1937 MG VA Drophead Coupé Project Registration no. EAU 77 Chassis no. VA 0672 Engine no. A16127D
Launched at the 1936 Motor Show, the VA was the second all-new MG model to be introduced following the company's acquisition by Morris Motors and its subsequent reorganisation. It was a scaled-down version of the SA, first seen the previous year, which had caused a certain amount of consternation amongst enthusiasts who feared an abandonment of virtues embodied by the marque's nimble sports cars. They need not have worried, for although based on the Wolseley Super Six and aimed at the luxury car market, the SA received sufficient input from MG founder and designer Cecil Kimber to transform it into a car worthy of the famous octagon badge. Likewise the VA, or 1½-Litre, which shared its 1,548cc four-cylinder overhead valve engine with the Morris 12/4 and Wolseley 12/48. As installed in the VA, this unit featured twin SU carburettors and produced 54bhp, but as the car weighed over a ton, acceleration was necessarily leisurely. Nevertheless, the VA could cruise comfortably at 60mph and had a genuine top speed of over 75mph with more to come from the tourer with the windscreen folded flat. Synchromesh made its appearance on 3rd and top gears - the first time that this innovation had been seen in an MG saloon. A Tickford-bodied drophead coupé and Charlesworth-bodied open tourer completed the range. By the time production ceased in 1939, 2,407 VAs of all types had left the factory.
This particular VA, chassis number '0672', was purchased by the vendor's father in June 1970 from Harlaxton Motors near Grantham, Lincolnshire and has always been kept garaged. Some work was carried out and the car put back on the road, then later in the 1970s some bodywork restoration was undertaken. However, with funds limited the MG was taken off the road, its owner's aim being to fully restore it progressively, as and when money became available. In 1983/4, the body was extensively refurbished and the engine totally rebuilt, together with (it is believed) the clutch, carburettors, starter motor and dynamo. The car was driven back by the vendor from the garage where the work was done - a distance of approximately 10 miles - before it went back into his father's garage.
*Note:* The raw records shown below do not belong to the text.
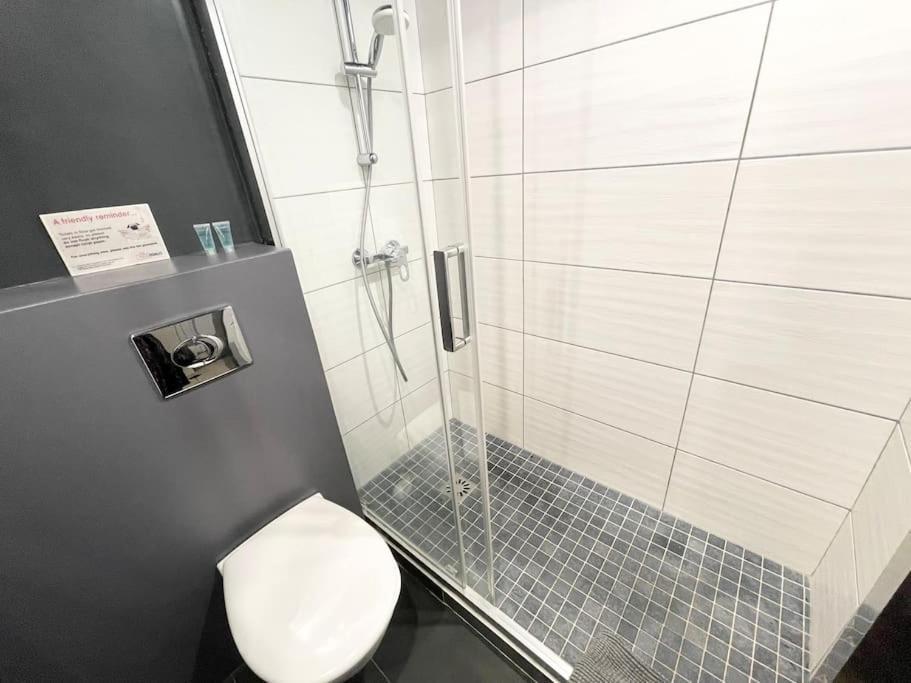 Homelivia, Vieux Nice, Appartement De Charme, Clim Balcon المظهر الخارجي الصورة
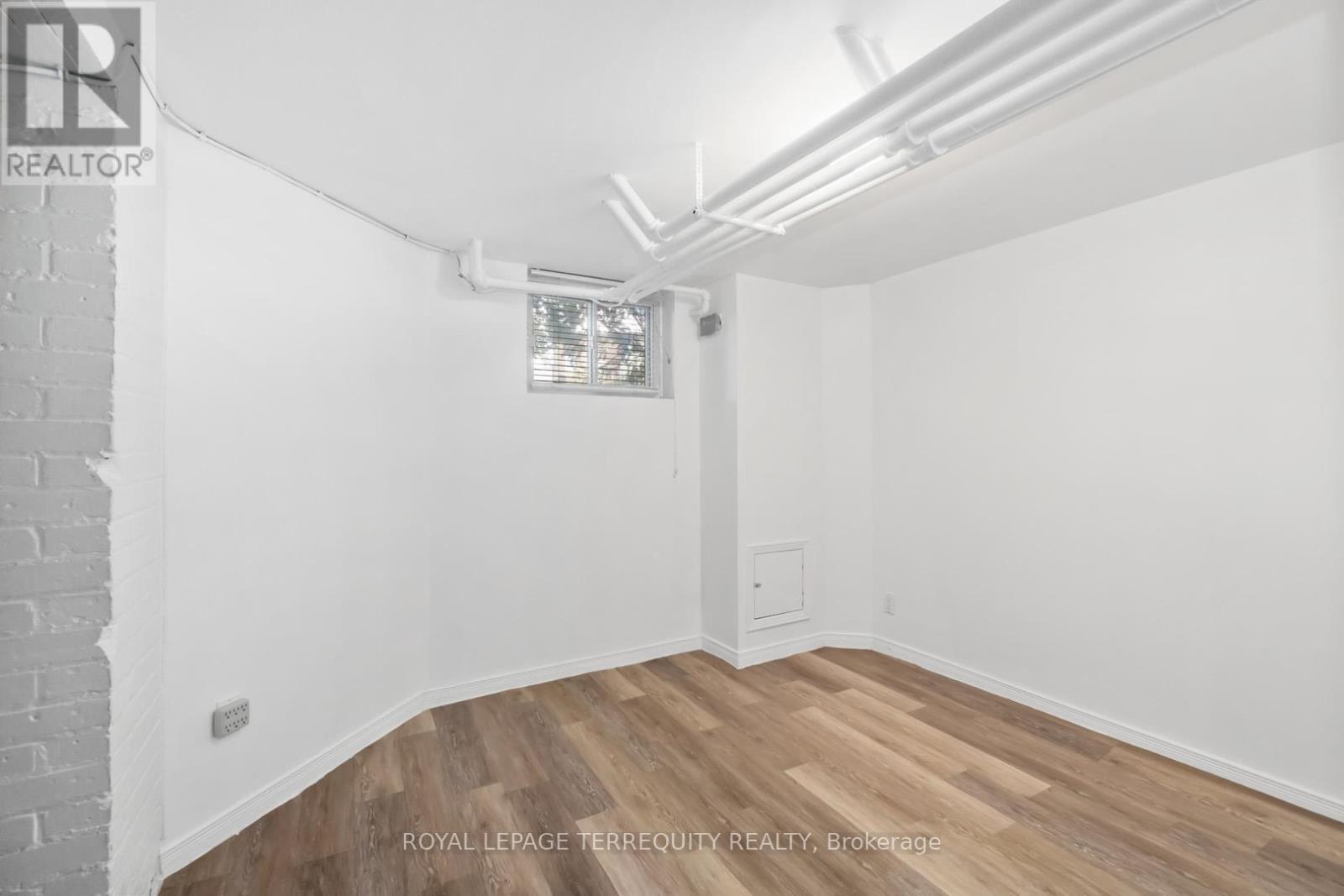 Basement - 33 St John's Road, Toronto, Ontario  M6P 1T7 - Photo 14 - W12477696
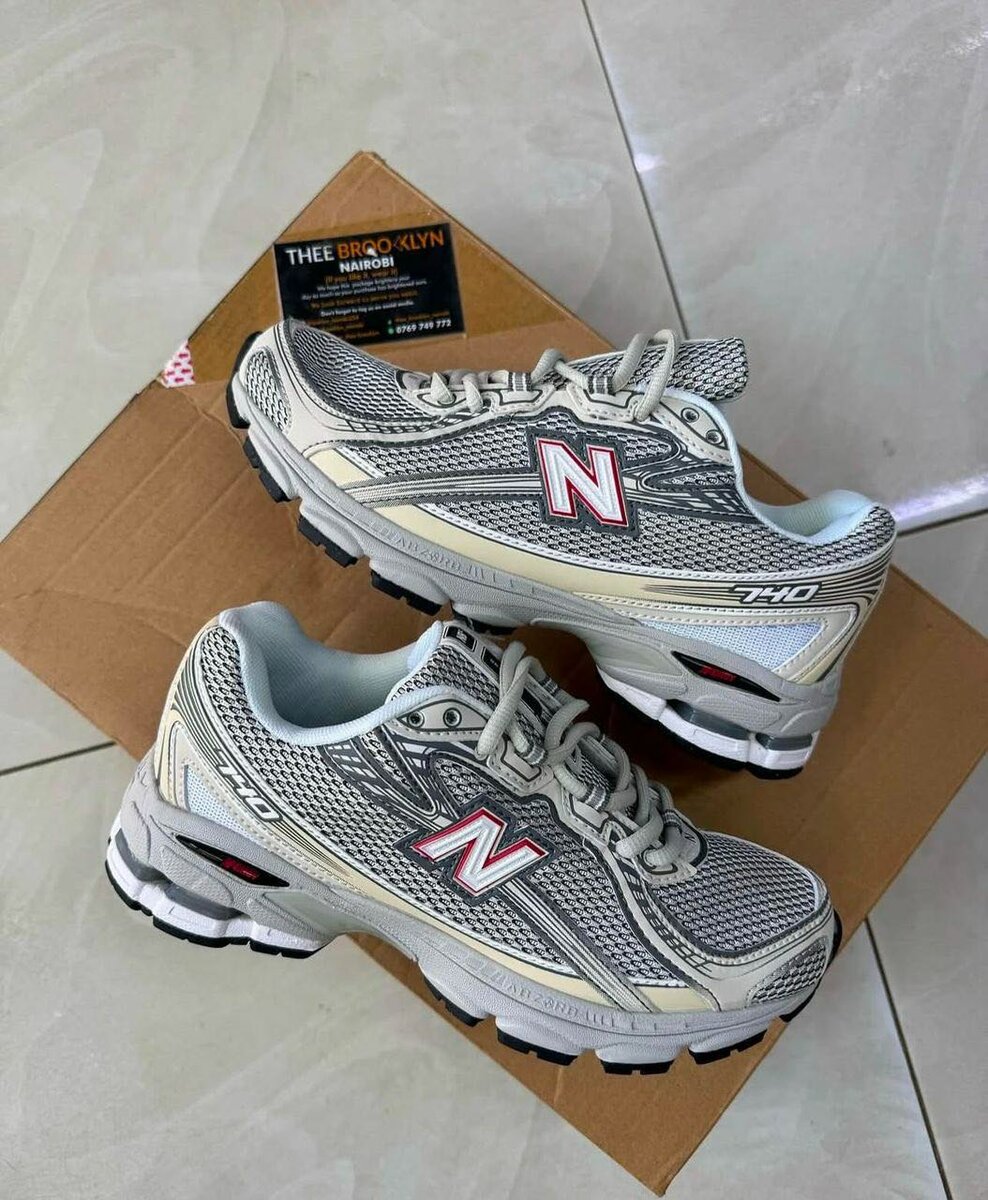 NEW BALANCE SNEAKERS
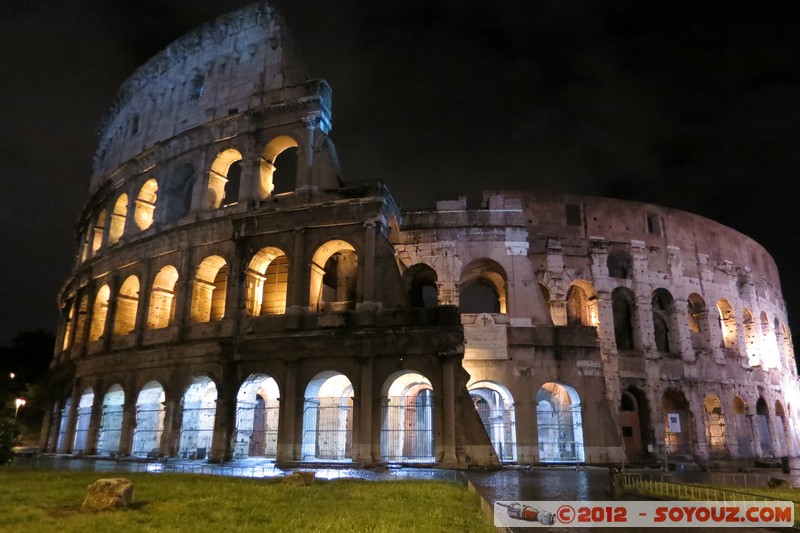 Roma di notte - Colosseo
Mots-clés: Campitelli geo:lat=41.89071567 geo:lon=12.49071540 geotagged ITA Italie Lazio Roma Nuit Colosseo Ruines Romain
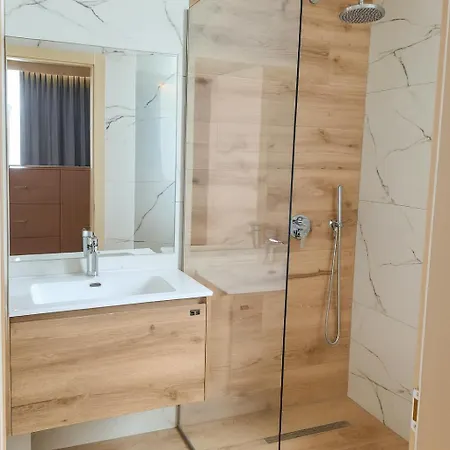 Eva 4* Golem (Tirana)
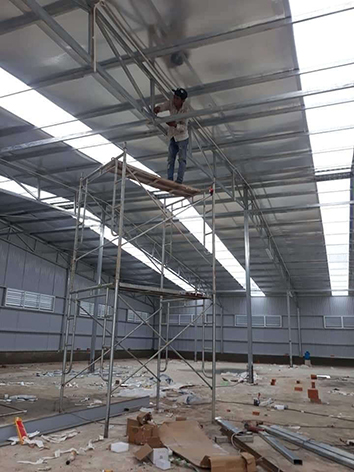 Làm mái tôn khung sắt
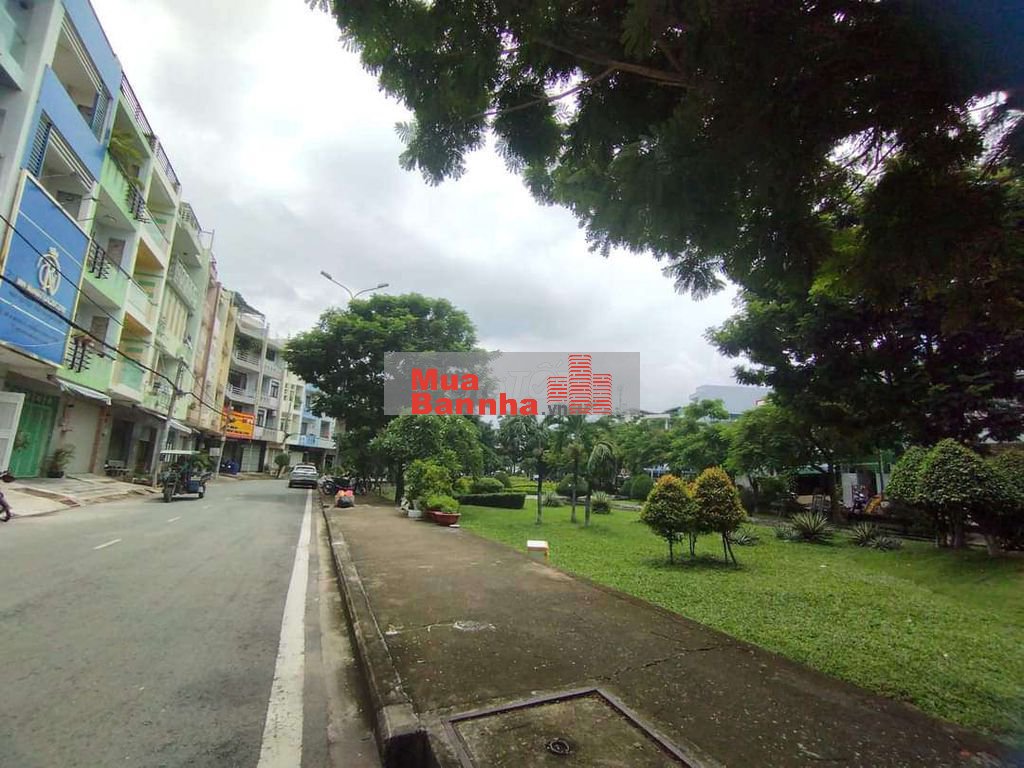 Bán nhà đường 64 KDC Bình Phú Q6 đối diện công viên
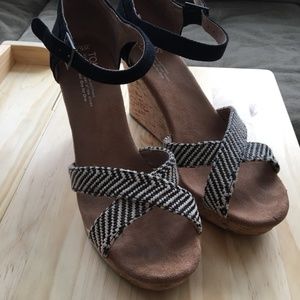 Striped Cork Wedges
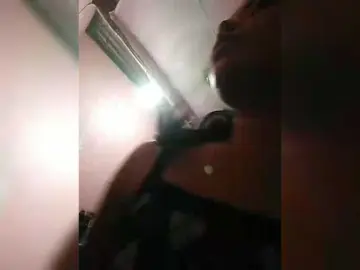 XXhornywetprincess99XXのBongacamsで今すぐ視聴可能なセックスカム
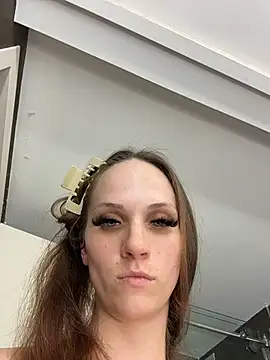 officialstormi online show from May 24, 5:06 am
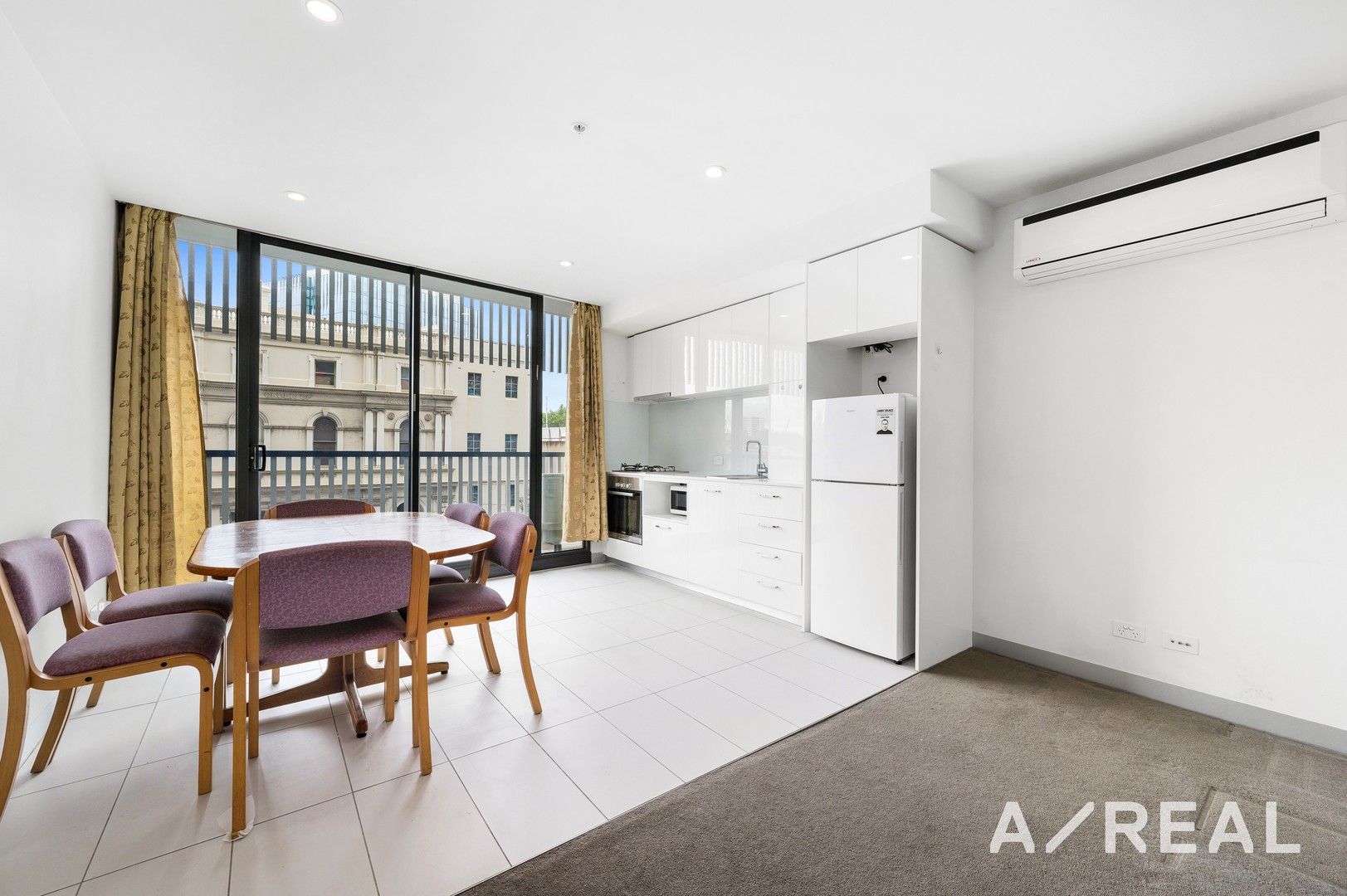 2 bedrooms Apartment / Unit / Flat in 205/6 Leicester Street CARLTON VIC, 3053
With its owner's health failing, completion of the rebuild was slow, and he passed away in 1996 half way through restoring the braking system. The vendor inherited the car and always intended to complete the restoration but has never had enough time, hence the decision to sell. Finished in British Racing Green with matching leather interior, this rare MG soft-top is offered requiring completion and is sold strictly was viewed. Accompanying documentation consists of sundry restoration invoices, old-style logbook and Swansea V5. The provision of trafficators is the only notified deviation from factory specification.